The menopause causes several hormonal changes that can lead to physical and emotional effects. If you are looking to get back in the game and spice up your post-menopausal sex life, you've come to the right place. We have some expert tips lined up for women seeking help. 

Use of lubricants

Find out what lubricants work best for you. Experts highly recommend water-based lubricants. Always consider the ingredients before you make the purchase decision. For instance, Propylene glycol is an ingredient that can lead to yeast infections and bacterial vaginosis amongst women. Another one would be chlorhexidine which is known to cause burning and irritation. You could also try natural alternatives like coconut oil and olive oil too. If you still find it difficult, a health expert opinion is always advisable. 

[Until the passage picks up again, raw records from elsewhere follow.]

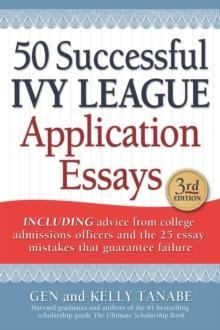 50 Successful Ivy League Application Essays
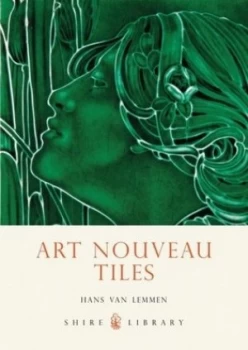 Image of Art Nouveau Tiles by Hans Lemmen Paperback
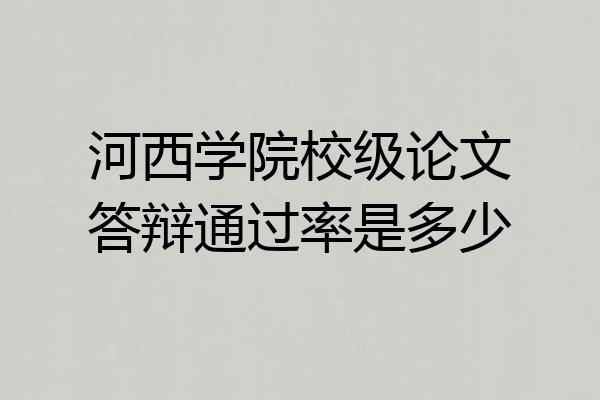 河西学院校级论文答辩通过率是多少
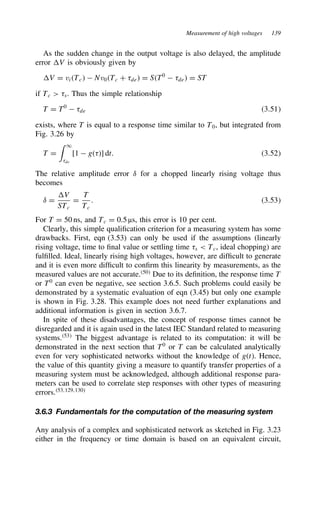 Measurement of high voltages 139
As the sudden change in the output voltage is also delayed, the amplitude
error V is obviously given by
V D viTc  Nv0Tc C 8de D ST0
 8de D ST
if Tc  8s. Thus the simple relationship
T D T0
 8de 3.51
exists, where T is equal to a response time similar to T0, but integrated from
Fig. 3.26 by
T D
 1
8de
[1  g8] dt. 3.52
The relative amplitude error υ for a chopped linearly rising voltage thus
becomes
υ D
V
STc
D
T
Tc
. 3.53
For T D 50 ns, and Tc D 0.5 µs, this error is 10 per cent.
Clearly, this simple qualification criterion for a measuring system has some
drawbacks. First, eqn (3.53) can only be used if the assumptions (linearly
rising voltage, time to final value or settling time 8s  Tc, ideal chopping) are
fulfilled. Ideal, linearly rising high voltages, however, are difficult to generate
and it is even more difficult to confirm this linearity by measurements, as the
measured values are not accurate.50
Due to its definition, the response time T
or T0
can even be negative, see section 3.6.5. Such problems could easily be
demonstrated by a systematic evaluation of eqn (3.45) but only one example
is shown in Fig. 3.28. This example does not need further explanations and
additional information is given in section 3.6.7.
In spite of these disadvantages, the concept of response times cannot be
disregarded and it is again used in the latest IEC Standard related to measuring
systems.53
The biggest advantage is related to its computation: it will be
demonstrated in the next section that T0
or T can be calculated analytically
even for very sophisticated networks without the knowledge of gt. Hence,
the value of this quantity giving a measure to quantify transfer properties of a
measuring system must be acknowledged, although additional response para-
meters can be used to correlate step responses with other types of measuring
errors.53,129,130
3.6.3 Fundamentals for the computation of the measuring system
Any analysis of a complex and sophisticated network as sketched in Fig. 3.23
either in the frequency or time domain is based on an equivalent circuit,
 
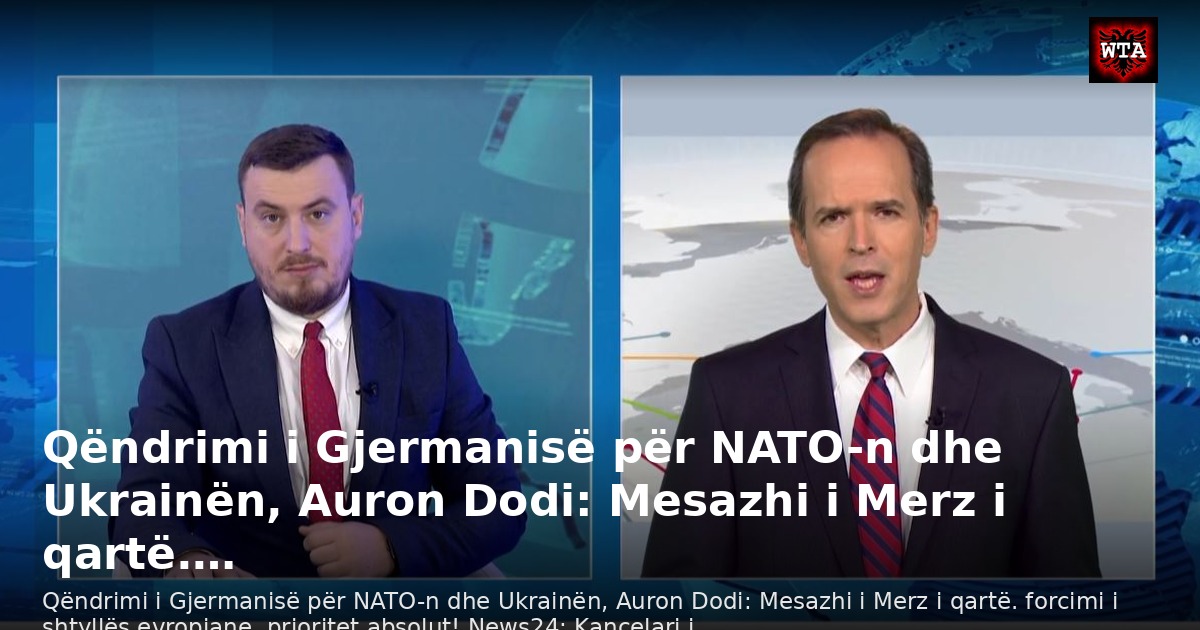 Qëndrimi i Gjermanisë për NATO-n dhe Ukrainën, Auron Dodi: Mesazhi i Merz i qartë.…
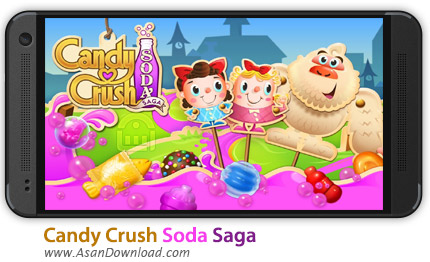 دانلود Candy Crush Soda Saga v1.54.9 - بازی موبایل آبنبات سودا + نسخه بینهایت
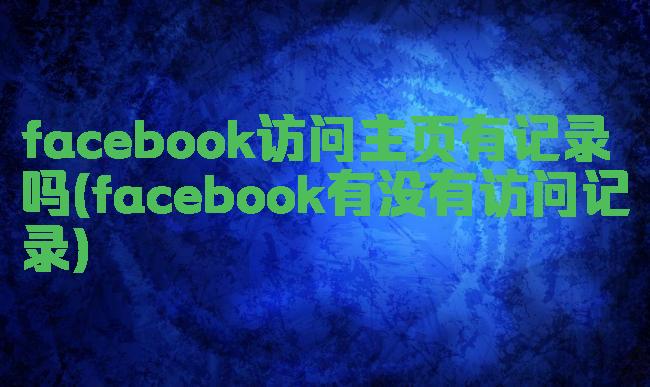 facebook访问主页有记录吗(facebook有没有访问记录)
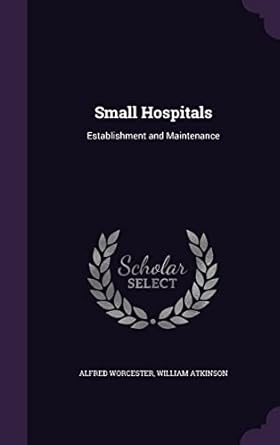 small hospitals establishment and maintenance 1st edition alfred worcester ,william atkinson 1356909108,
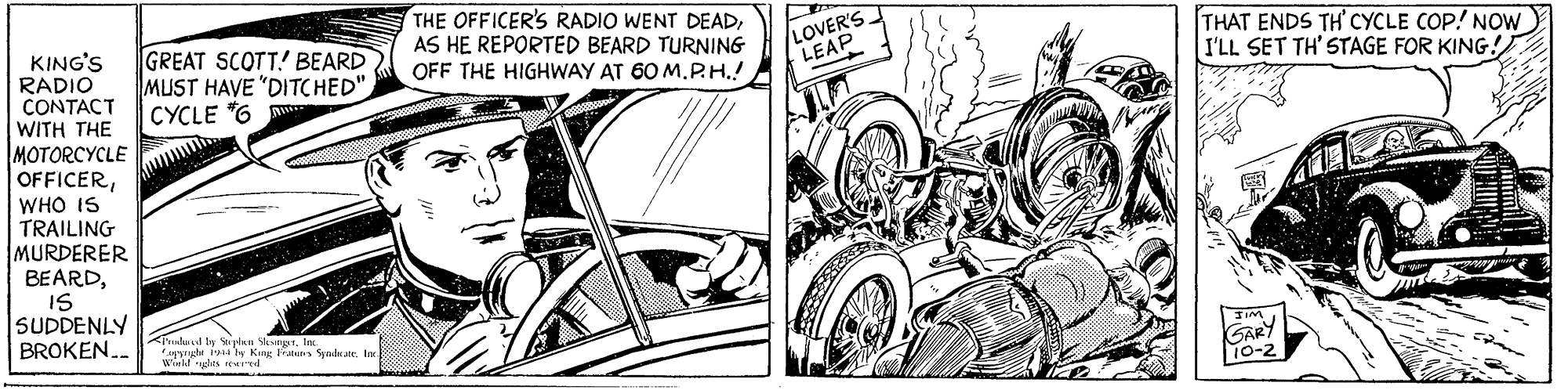 Rim OCR: KING'S RADIO CONTACT WITH THE MOTORCYCLE GREAT SCOTT! BEARD MUST HAVE "DITC HED" |CYCLE "6 THE OFFICER'S RADIO WENT DEADAS HE REPORTED BEARD TURNING OFF THE HIGHWAY AT 60 M.P.H.! LOVER'S LEAP THAT ENDS TH' CYCLE COP! NOW I'LL SET TH' STAGE FOR KING! OFFICERWHO IS WHO TRAILING MURDERER BEARDIS SUDDENLY ulnt ty glan Snpt. In pyuhr ial ly King Frten Synd ate wld rughts eerd BROKEN... GARY 10-2 KING'S RADIO CONTACT WITH THE MOTORCYCLE GREAT SCOTT! BEARD MUST HAVE "DITC HED" |CYCLE "6 THE OFFICER'S RADIO WENT DEADAS HE REPORTED BEARD TURNING OFF THE HIGHWAY AT 60 M.P.H.! LOVER'S LEAP THAT ENDS TH' CYCLE COP! NOW I'LL SET TH' STAGE FOR KING! OFFICERWHO IS WHO TRAILING MURDERER BEARDIS SUDDENLY ulnt ty glan Snpt. In pyuhr ial ly King Frten Synd ate wld rughts eerd BROKEN... GARY 10-2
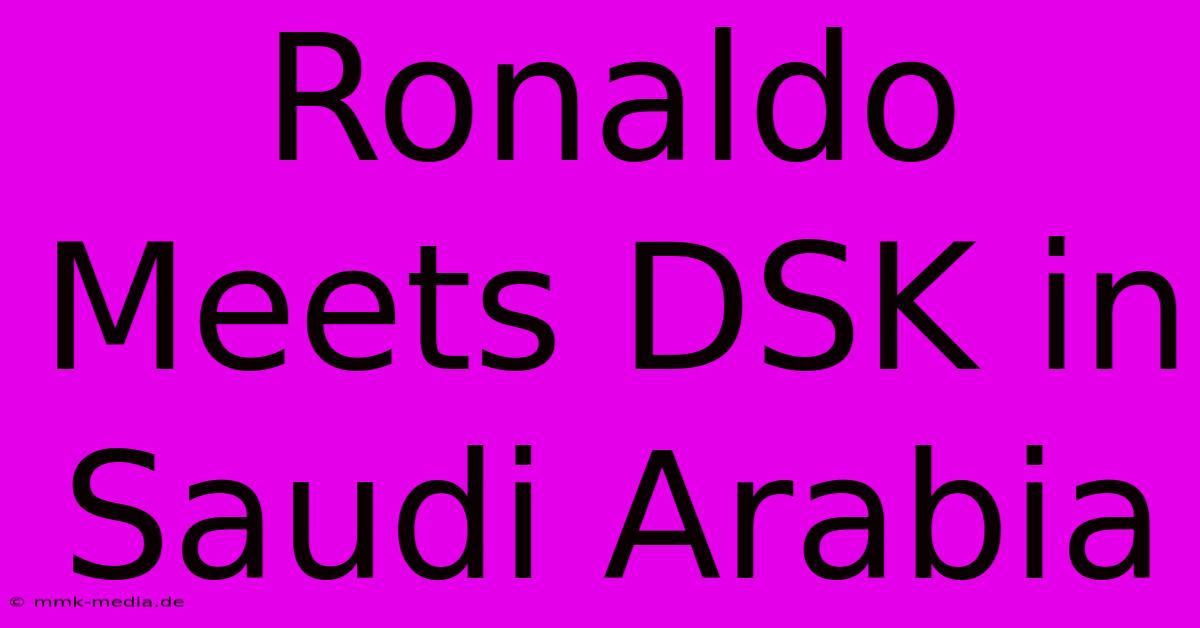 Ronaldo Meets DSK In Saudi Arabia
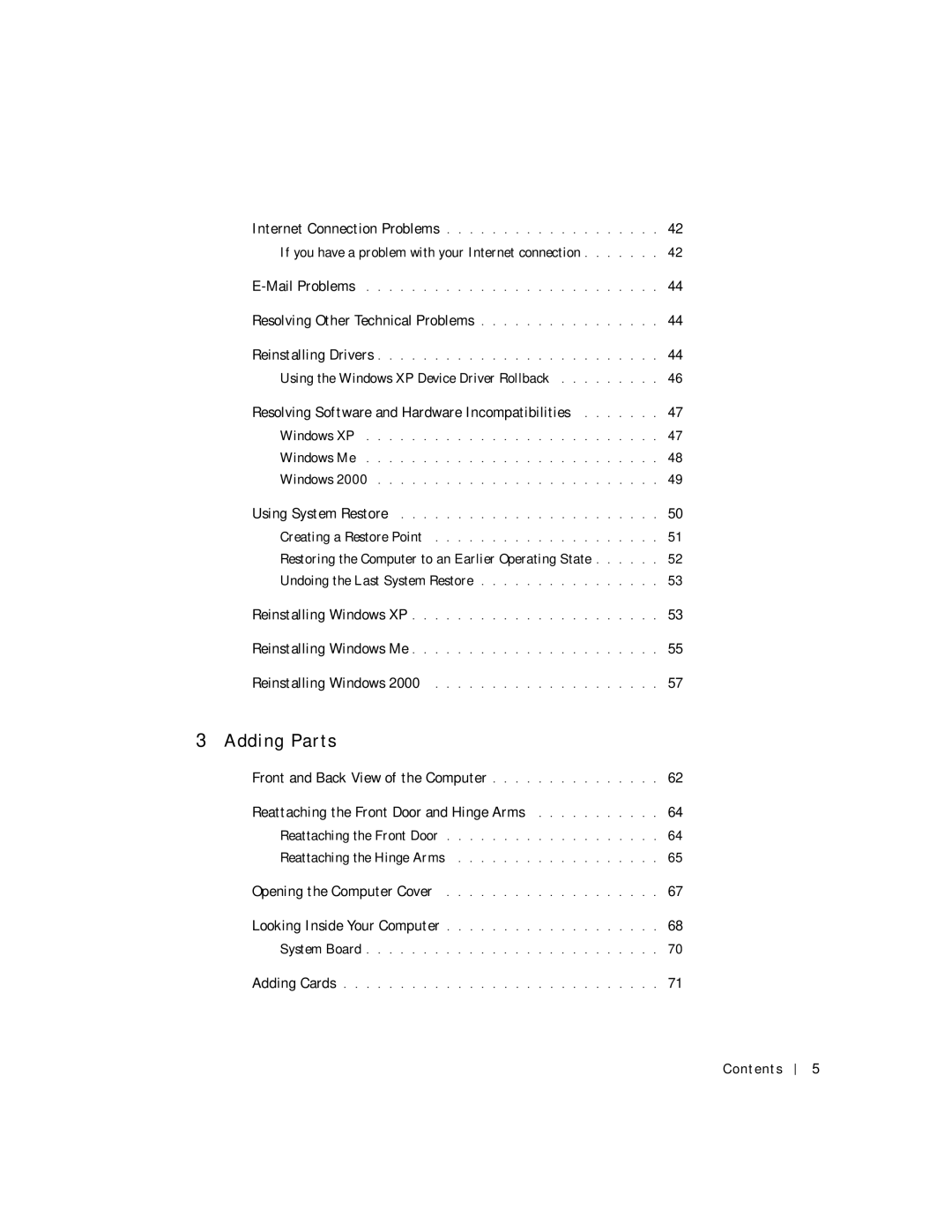 Dell 8200 manual Adding Parts 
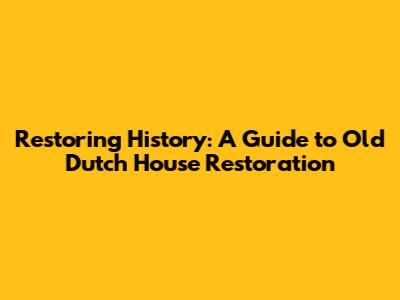 Restoring History: A Guide to Old Dutch House Restoration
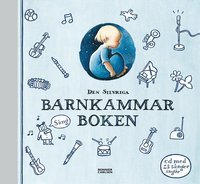 Den silvriga barnkammarboken (Musiktryck)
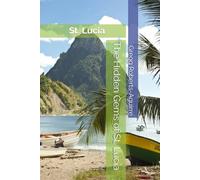 The Hidden Gems of St. Lucia: Panache St. Lucia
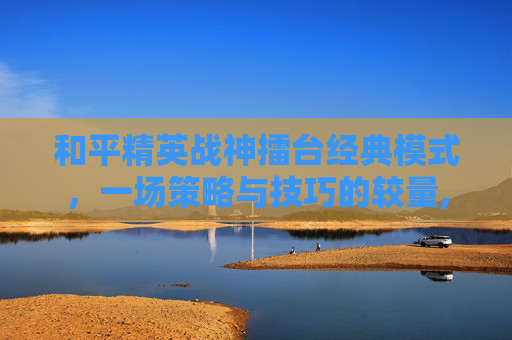 和平精英战神擂台经典模式，一场策略与技巧的较量,和平精英战神擂台经典模式怎么开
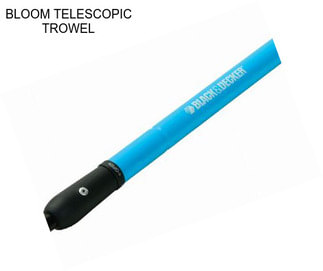 BLOOM TELESCOPIC TROWEL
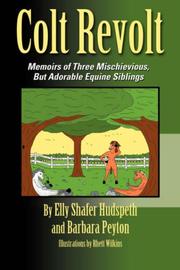 Cover of: COLT REVOLT | Elly Shafter Hudspeth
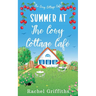 Summer at The Cosy Cottage Café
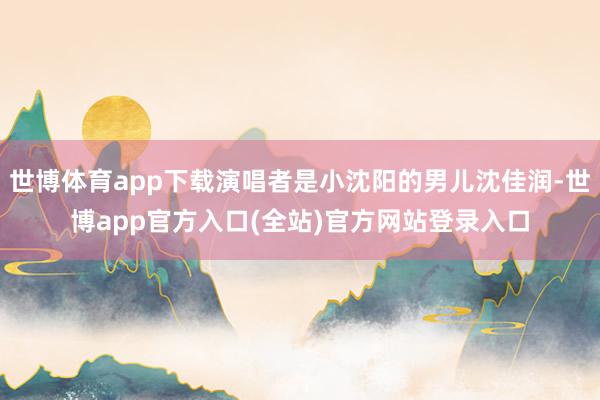 世博体育app下载演唱者是小沈阳的男儿沈佳润-世博app官方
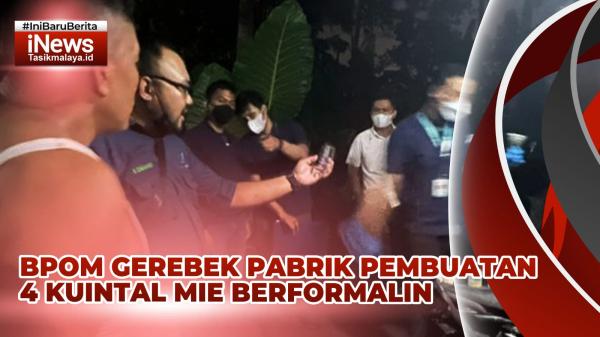 Video BPOM Gerebek Pabrik Pembuatan Mie Berformalin di Tasikmalaya, 9 Karung Mie Basah Diamankan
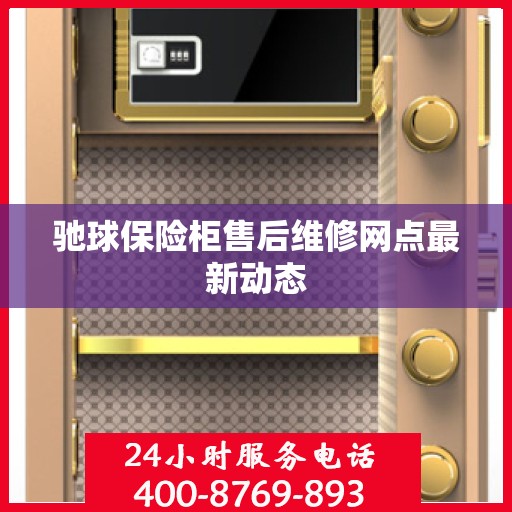 驰球保险柜售后维修网点最新动态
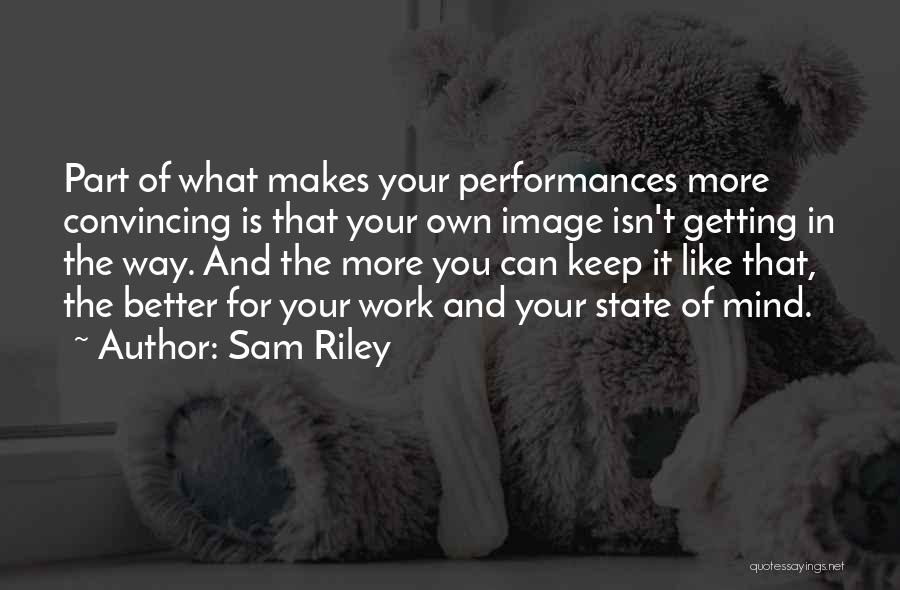 Sam Riley Quotes: Part Of What Makes Your Performances More Convincing Is That Your Own Image Isn't Getting In The Way. And The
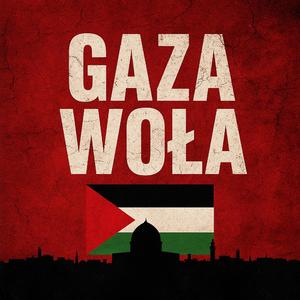 GAZA WOŁA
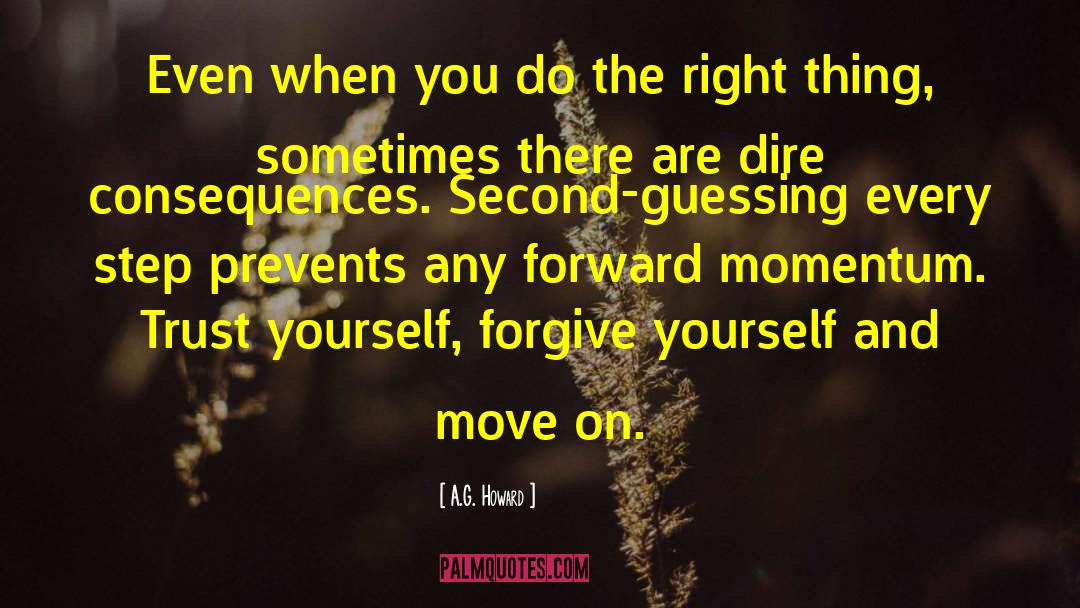 Do The Right Thing quotes by A.G. Howard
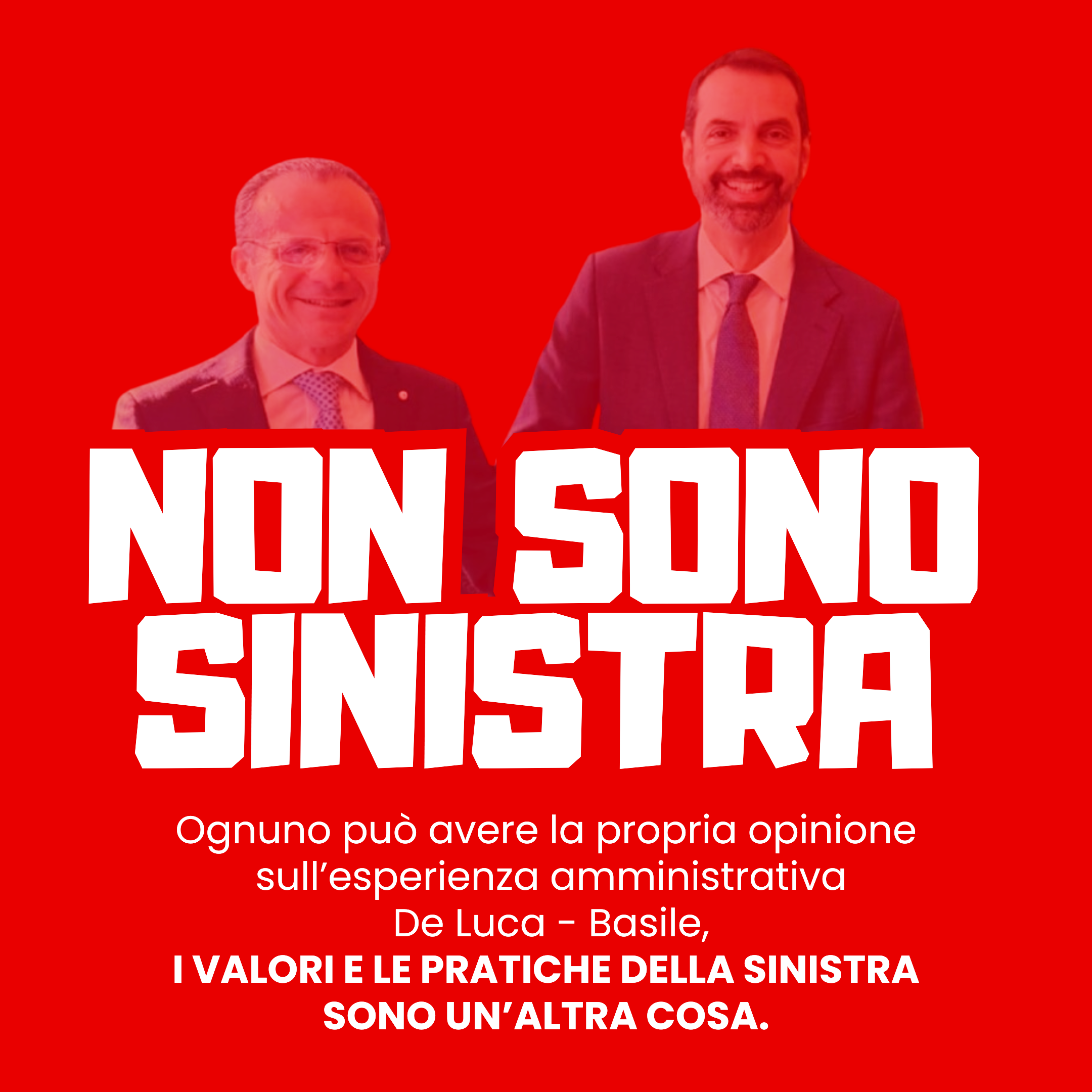 “Va bene tutto, ma definire De Luca e Basile di sinistra, anche no”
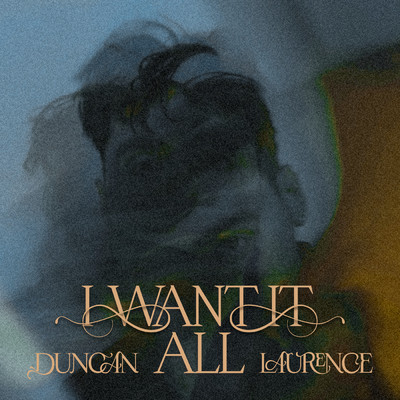 アルバム/I Want It All/Duncan Laurence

Don't be wary about celebrating yourself and boosting your self-esteem. Self-pleasure is good for your sexual health. Using vibrators in the genital region results in increased blood flow and arousal. 

  • Communication is key

Sex is all about intimacy and hence it's important to communicate how you feel emotionally and physically with your partner. It helps set a realistic expectation about what can both of you can strive to achieve. 

Rebalance yourself with medication

Some physical concerns can always be rebalanced with effective treatment and medication. For instance, vaginal atrophy caused due to decreased estrogen is a common issue most women complain about. There are several therapies and medications that your health expert may recommend helping you overcome your discomfort. Hormonal replacement therapy can help cure both vasomotor symptoms and vulvovaginal atrophy. 

Experiment with intercourse

If sex is causing you discomfort and pain, try experimenting with your positions and techniques. Explore together with your partner and make it a fun experience. 


Aiding arousal and orgasm, raising libido and dealing with pain are often the most common concerns women complain about. Historically, women have always found sex during and after menopause to be a daunting issue. There's a lot of anxiety and frustration that's associated with it. It's all about working on yourself and enhancing your sexual well-being.


Understand your emotional and physical issues to find relevant solutions to them. If you are unhappy wth the changes you are experiencing, it's best to develop a treatment plan together with your doctor or counsellor or sex therapist. Depending on your concerns, you can foster new techniques to enhance the intimacy in your relationship by changing up sexual routines, focusing on foreplay and incorporating adult toys. Most women aren't prepared or well equipped with the knowledge to plan for the changes that come along with menopause. It doesn't have to be a miserable journey. Instead, you could start right away with good health practices and leading a healthy lifestyle. There's no doubt that the majority of women experience sex after menopause differently, but with some effort, knowledge and imagination, you can try making it a satisfying experience.